Thanks @casibbald . Lets jump on a call to discuss.

I'd like to keep clear separation of concerns when adding support a set of flintlocks and scheduling. I'd be wary of reimplementing etcd for example as well.

richardcase · 2025-06-30T16:29:56Z

docs/proposals/distributed_architecture/README.md

+
+## Motivation and Background
+
+Flintlock currently faces scalability, robustness, and operational clarity limitations that hinder effective deployment at scale. Real-world scenarios, such as managing large-scale distributed deployments and recovering from critical host failures, underscore the importance of these enhancements. Addressing these areas ensures Flintlock can effectively support complex, real-world operational needs.


Flintlock was only ever designed for a single host. It was always envisioned that any distributed scheduling/clustering would be done at a layer above.

I'd be keen to maintain this separation and keep flintlock solely focused on interacting with microvms on a single machine.

The layer above is something i've thought of as being called brigade: https://github.com/liquidmetal-dev/brigade

The idea is that it would API compatible with flintlock, so that consumers, like CAPMVM, could switch to distributed scheduling across a number of flintlock hosts without any changes.

richardcase · 2025-06-30T16:36:21Z

docs/proposals/distributed_architecture/docs/01-Raft_Consensus_Integration.md

+
+### Gap Definition and Improvement Objectives
+
+Currently, Flintlock operates with isolated state per host, lacking a unified, cluster-wide coordination mechanism. Integrating Raft consensus addresses this gap by ensuring reliable leader election, consistent log replication, and synchronized state management across the cluster.


Raft could be used on the layer that does the distributed scheduling, but not in flintlock itself.

One option would be to just use etcd for storege and leader election. Might be easier than using a Raft package (like https://github.com/etcd-io/raft) directly.

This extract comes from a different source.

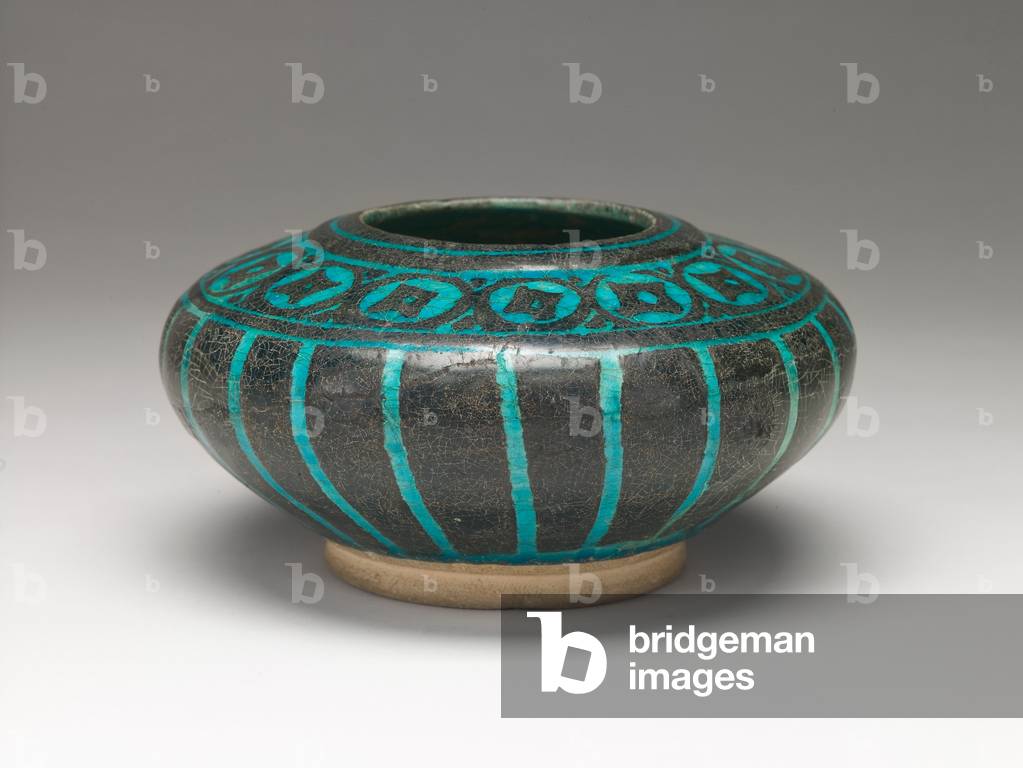 Bowl, Saljuq period, late 12th to early 13th century (glazed fritware with underglaze carved slip decoration)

richardcase · 2025-06-30T16:37:34Z

docs/proposals/distributed_architecture/docs/02-Distributed_Scheduling_and_Bidding_Mechanism.md

+
+### Gap Definition and Improvement Objectives
+
+Flintlock currently lacks a distributed scheduling system, relying instead on manual workload allocation per host. Implementing a distributed scheduling mechanism using a bidding process will ensure balanced resource utilization and improved VM provisioning speed.

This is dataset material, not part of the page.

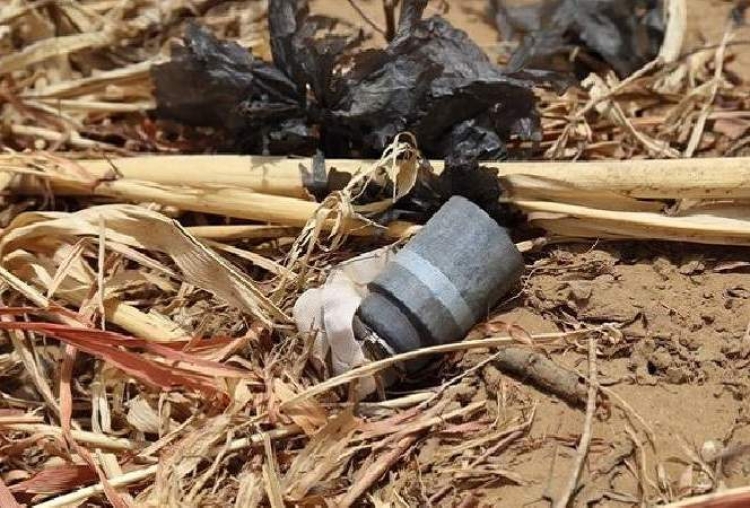 إصابة مدني بجروح خطيرة جراء انفجار مقذوف من مخلفات المليشيا في مأرب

This was never going to be part of Flintlock itself, but a part of the wider Liquid Metal.

A reverse bidding process would make the scheduling simpler.

richardcase · 2025-06-30T16:38:34Z

docs/proposals/distributed_architecture/docs/03-Unified_API_Interface_and_Proxy_Routing.md

+**Objectives:**
+
+* Preserve compatibility with existing Flintlock APIs
+* Provide enhanced global state querying through new `/api/v2` endpoints


We wouldn't need a v2 if the changes were made outside of flintlock.

richardcase · 2025-06-30T16:40:45Z

docs/proposals/distributed_architecture/docs/06-Host_Regenesis_and_PXE-Based_Provisioning.md

+
+### Gap Definition and Improvement Objectives
+
+Currently, Flintlock lacks automated and streamlined procedures for securely reprovisioning and reintegrating detached hosts back into the cluster. Introducing PXE-based provisioning will enable automated host regeneration and reduce manual operational tasks.


detached hosts into the cluster

I'm taking that to mean the machines that run flintlock.

I think PXE based provisioning is out of scope of this.

This is an implementation detail of anyone that uses Liquid Metal / Flintlock.

richardcase · 2025-06-30T16:42:43Z

docs/proposals/distributed_architecture/docs/11-Security_and_Authorization.md

+
+**Objectives:**
+
+* Secure intra-cluster communication using mutual TLS (mTLS)


Flintlock has mTLS support: #464

richardcase · 2025-06-30T16:43:39Z

docs/proposals/distributed_architecture/docs/11-Security_and_Authorization.md

+**Objectives:**
+
+* Secure intra-cluster communication using mutual TLS (mTLS)
+* Robust authentication mechanisms for cluster nodes


Lets talk about auth as it applies to the layer above flintlock.

richardcase · 2025-06-30T16:45:06Z

docs/proposals/distributed_architecture/docs/14-Graceful_VM_Migration_Support.md

+
+### Gap Definition and Improvement Objectives
+
+Currently, Flintlock lacks explicit support for seamless VM migration, which limits flexibility and service continuity during host maintenance or failures. Introducing VM migration capabilities will significantly reduce downtime and improve service resilience.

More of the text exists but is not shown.